Fire ants are often wash into ponds or fly in during breeding swarms, and small and intermediate-sized bream may die from eating these insects. Bass are rarely affected. This generally does not hurt the population balance.
If you experience a fish kill and suspect that infectious disease or parasites may be the cause, you can send fish samples to the Mississippi State University College of Veterinary Medicine (for recreational ponds) or the Thad Cochran National Warmwater Aquaculture Center (for commercial aquaculture ponds) for analysis. Please contact them beforehand at 662-325-3432 (CVM) or 662-686-3302 (TCNWAC) to make arrangements for sending or transporting fish.
If possible, send this information and the fish sample to the disease specialist:
Arrange for shipping and delivery. Samples should arrive at the lab within 12 to 18 hours. Call the lab and provide details on your case and the anticipated arrival time. Mississippi State University operates two labs, one on campus (662-325-3432) and one at the Delta Research and Extension Center (662-686-9311).

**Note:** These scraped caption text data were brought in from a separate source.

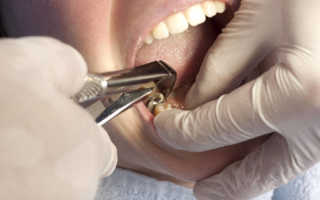 Способы лечение альвеолита после удаления зубов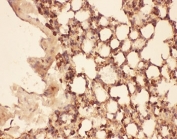 IHC-P testing of mouse lung tissue. HIER: steam section in pH6 citrate buffer for 20 min.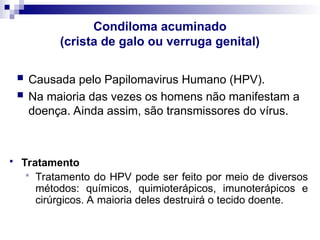 Condiloma acuminado
(crista de galo ou verruga genital)
 Causada pelo Papilomavirus Humano (HPV).
 Na maioria das vezes os homens não manifestam a
doença. Ainda assim, são transmissores do vírus.
 Tratamento
 Tratamento do HPV pode ser feito por meio de diversos
métodos: químicos, quimioterápicos, imunoterápicos e
cirúrgicos. A maioria deles destruirá o tecido doente.
 
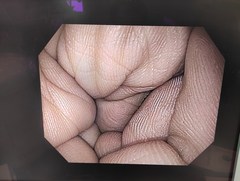 上部消化管汎用ビデオスコープ｜GIF-H190N｜オリンパスメディカルシステムズ株式会社の写真6枚目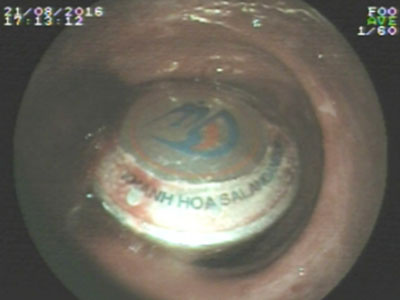 Ảnh bìa bài viết 387388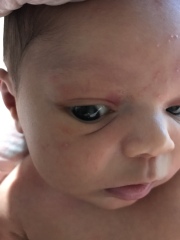 Baby face rash/spots?!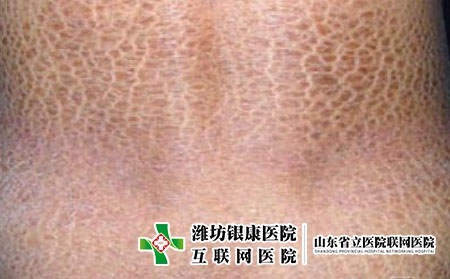鱼鳞病的初期症状特点，怎么分辨是不是鱼鳞病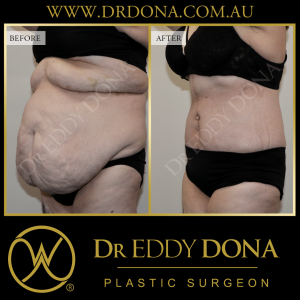 Open Book Tummy Tuck™ (Abdominoplasty) 13b O12082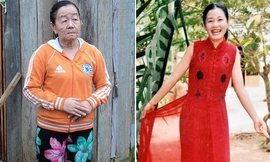 Cô gái biến thành bà lão có thể sinh con bình thường?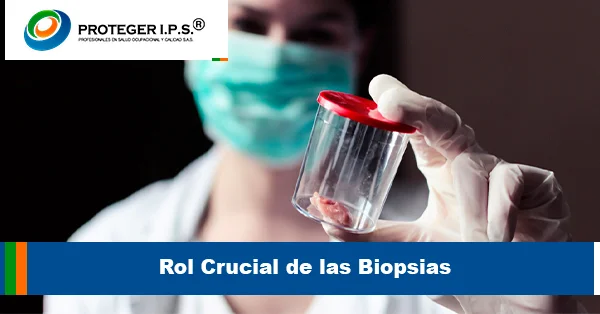 Rol Crucial de las Biopsias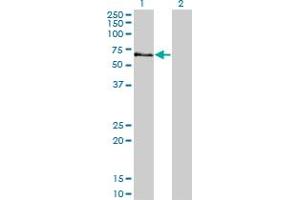 Western Blot analysis of STK3 expression in transfected 293T cell line by STK3 monoclonal antibody (M13A), clone 4F7.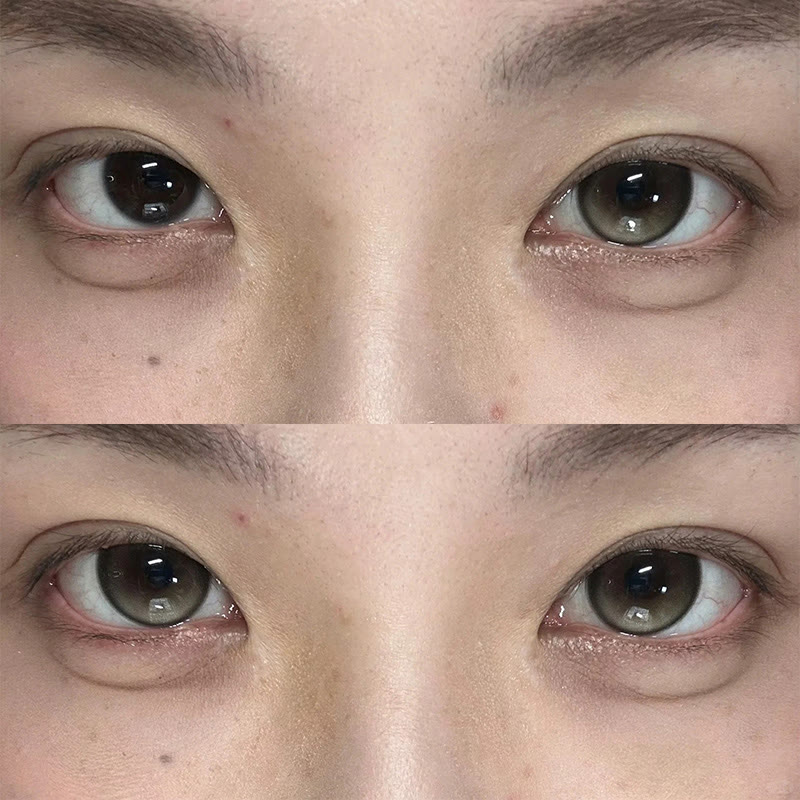 MYEYEBB Aura Tint Brown Colored Contact Lenses | 6 Months - image 4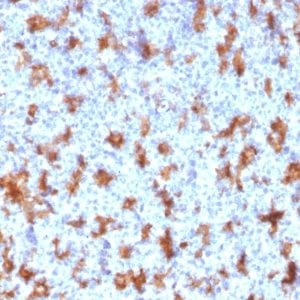 Formalin-fixed paraffin-embedded human Tonsil stained with  CD11c Mouse Monoclonal Antibody (ITGAX/2507).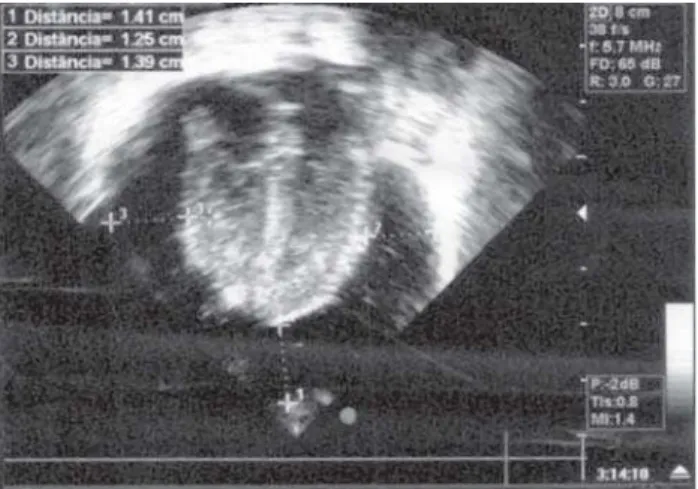 Fig. 1 – Echocardiogram of Case 1 showing severe pericardial effusion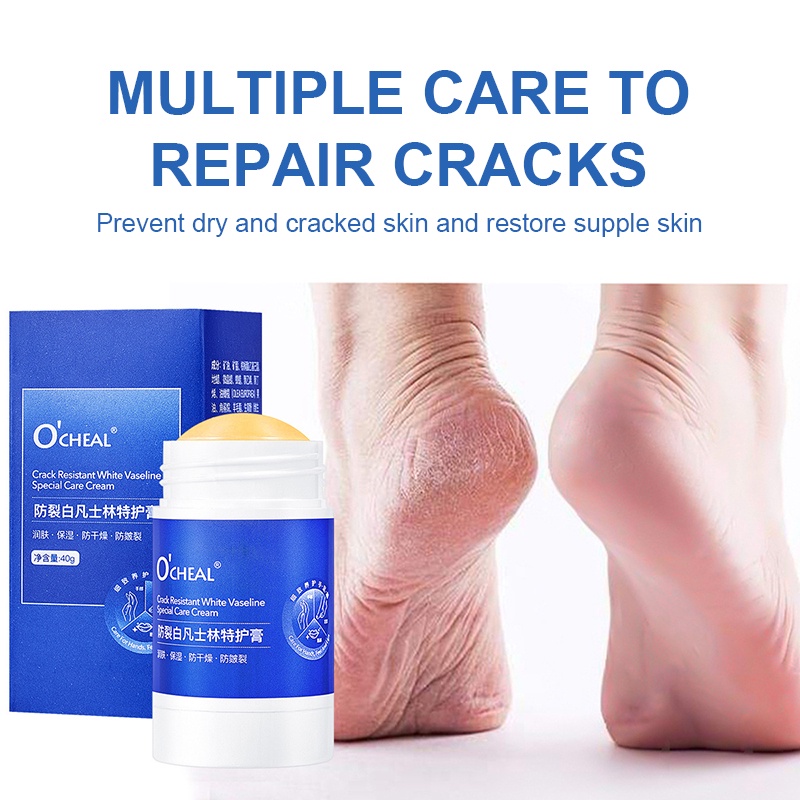 LEWEDO Vaseline Kem Dưỡng Chân Mùa Đông Gót Chân Chống Khô Dưỡng Ẩm Chống Đóng Băng Tay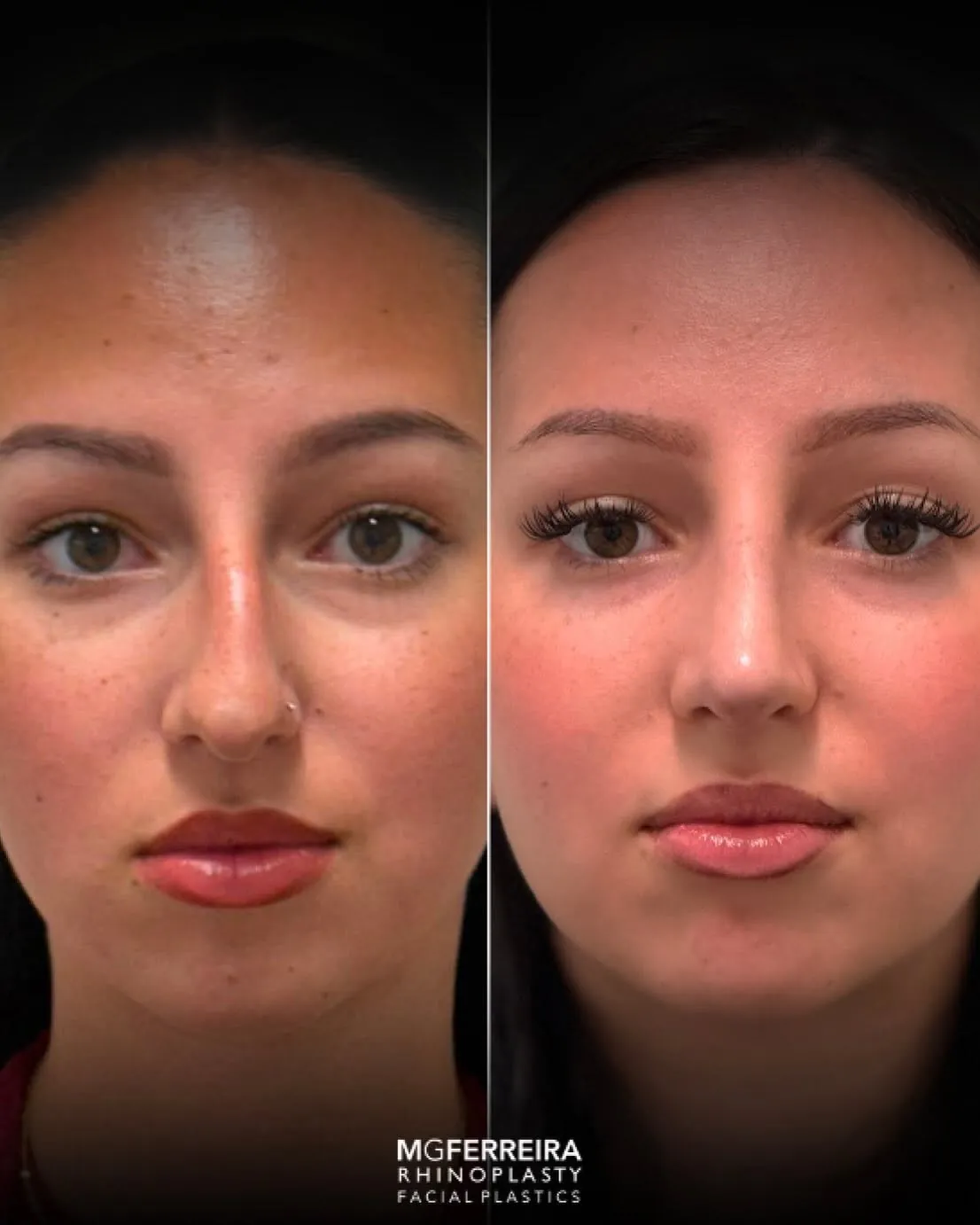 Comparação frontal, Rinoplastia: giba nasal acentuada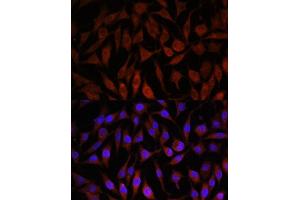 Immunofluorescence analysis of L929 cells using NEDD4L antibody (ABIN6132407, ABIN6144504, ABIN6144505 and ABIN6224109) at dilution of 1:100. (NEDD4-2 抗体  (AA 836-955))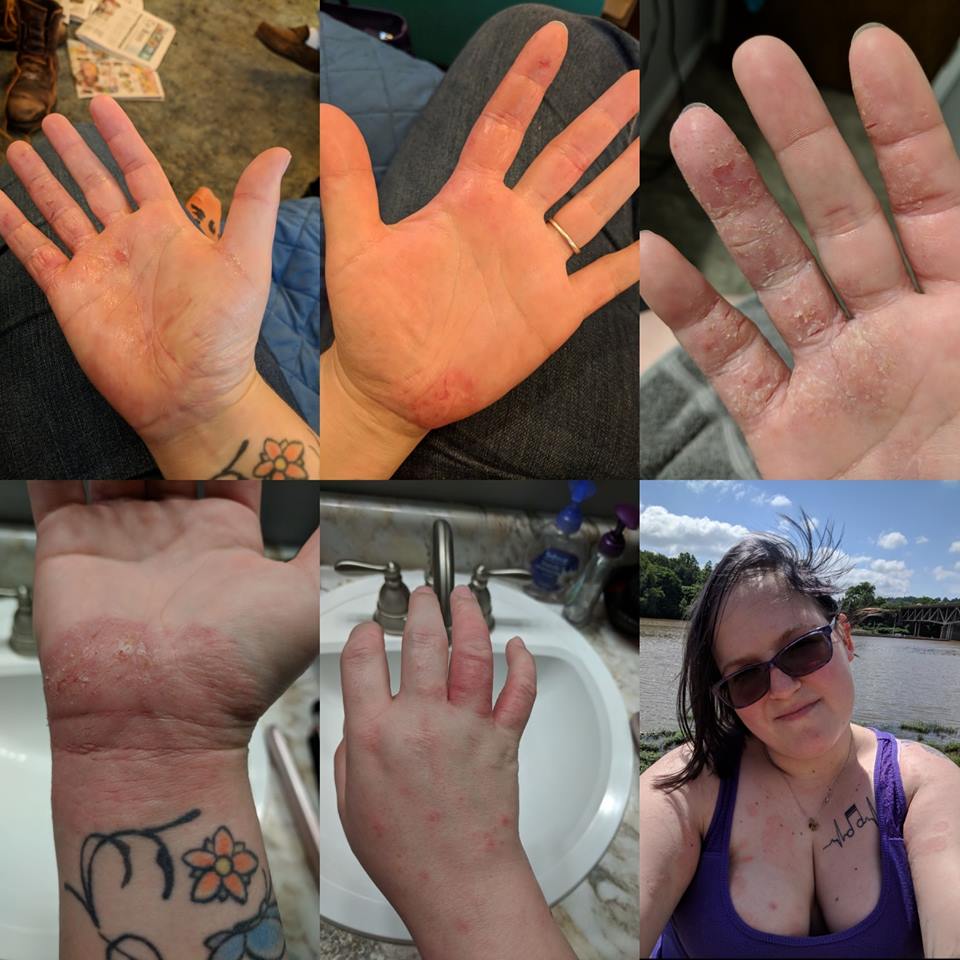 eczema on woman's hands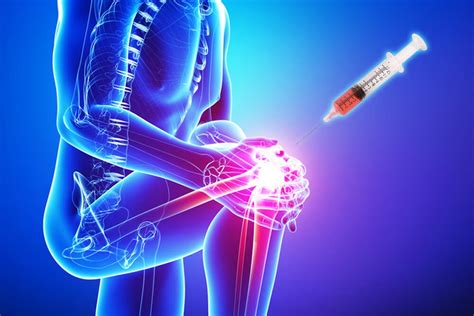 Joint Pain Treatment Ernakulam Osteoarthritis Prp Treatment Kerala India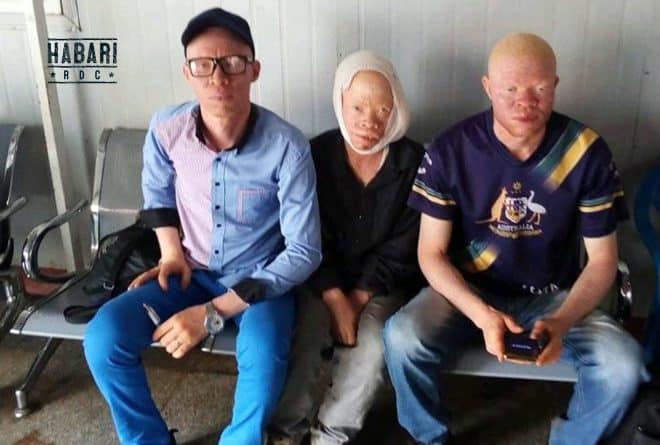 Le fardeau d’être albinos à Lubumbashi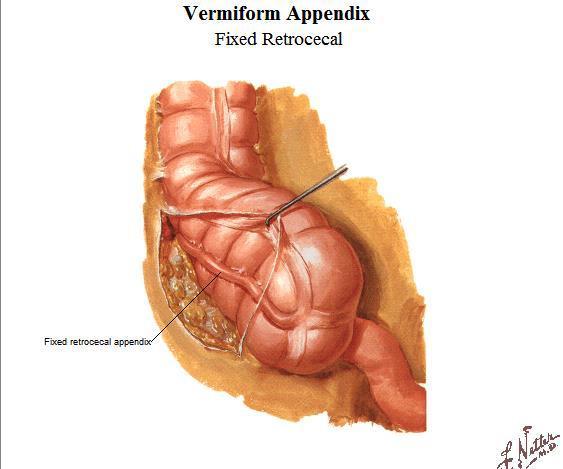pelvic appendix o Most are found tucked behind the large intestine = retrocaecal appendix - Largest solid viscera found tucked up behind the costal margin - Fills the RUQ - The anterior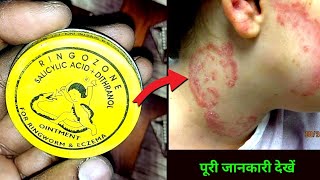 दाद का आखरी इलाज | Ringozone Ointment Uses Or Side Effects in hindi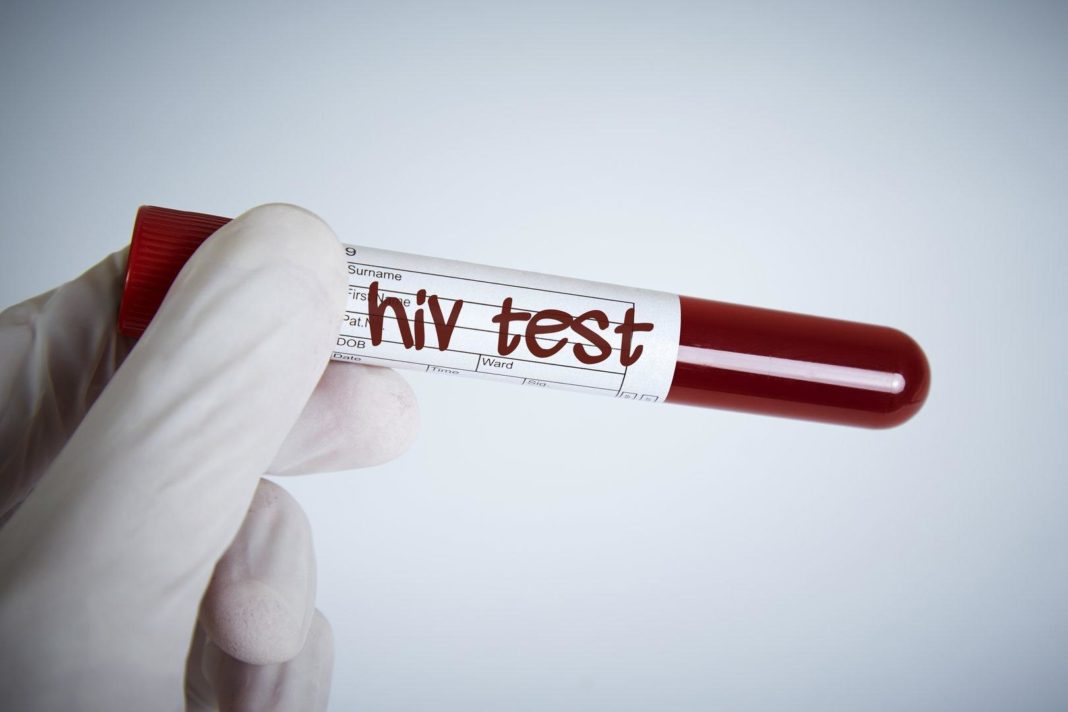 viren-evolution:-aggressivere-hiv-variante-in-holland-entdeckt viren-evolution:-aggressivere-hiv-variante-in-holland-entdeckt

Place live fish in a plastic bag with no water and seal. If you are sending catfish, clip the spines to prevent them from puncturing the bag in transit. Then place the bag in an ice chest containing crushed ice.
If the fish are to be hauled for a short distance, you may place them in a container or ice chest containing well-oxygenated water. Add a few chunks of ice to keep the water cool.
You can freeze fish for transport to the lab when there is no other way to keep them from spoiling. Frozen samples are hard to work with. Avoid them whenever possible. Frozen samples are acceptable if they are for pesticide analysis.
Immediately ice down all dead fish that are still acceptable for examination (freshly dead with gills still red) to slow further tissue breakdown.